He is absolutly FROTHING at the mouth, and I think he wants to come live with ya'll. LOL!!
It really IS incredible.. we know you are proud. Congrats!!

As for us, we are still searching..


----------



## Riverrat (Oct 14, 2008)

I asked a friend who does landscaping about your ditch and he said to get the rolled sod, lay it in place and tack it down, keep watering it everyday for at least a month, this will let it "set" and start to grow roots. he said that "most times this will work well", might be worth a try. Good luck.
Brian


----------



## nu2solar (Apr 20, 2008)

Texasdirtdigger said:


> Your place is KILLING my DH.
> 
> He is absolutly FROTHING at the mouth, and I think he wants to come live with ya'll. LOL!!
> It really IS incredible.. we know you are proud. Congrats!!
> ...


Thank you.

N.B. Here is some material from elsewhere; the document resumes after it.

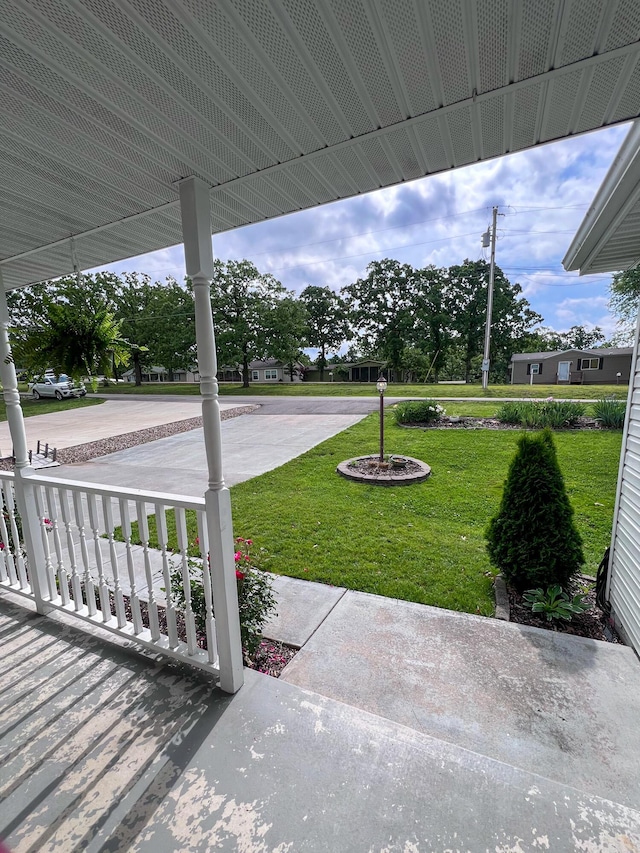 21650 Kings Loop, Hermitage, MO 65668 - covered porch featuring a lawn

Good luck with your search.



Riverrat said:


> I asked a friend who does landscaping about your ditch and he said to get the rolled sod, lay it in place and tack it down, keep watering it everyday for at least a month, this will let it "set" and start to grow roots. he said that "most times this will work well", might be worth a try. Good luck.
> Brian


Thanks. That's a lot of sod and a lot of water. I have no idea how we would get that much water down the drive. Thank you for the suggestion. They are always appreciated.


----------



## chuckie (Feb 4, 2010)

Thanks for the response Nu2solar. I also agree with you and the hubby on the future, just to many things pointing that way. Did you guys end up leaving the solar panels on the container? Also, did you guys figure out a way to treat the fresh water tank to keep things from growing, without dumping and cleaning? Just a few things I'm curious about, thanks and be safe.


----------



## nu2solar (Apr 20, 2008)

chuckie said:


> Thanks for the response Nu2solar. I also agree with you and the hubby on the future, just to many things pointing that way. Did you guys end up leaving the solar panels on the container? Also, did you guys figure out a way to treat the fresh water tank to keep things from growing, without dumping and cleaning? Just a few things I'm curious about, thanks and be safe.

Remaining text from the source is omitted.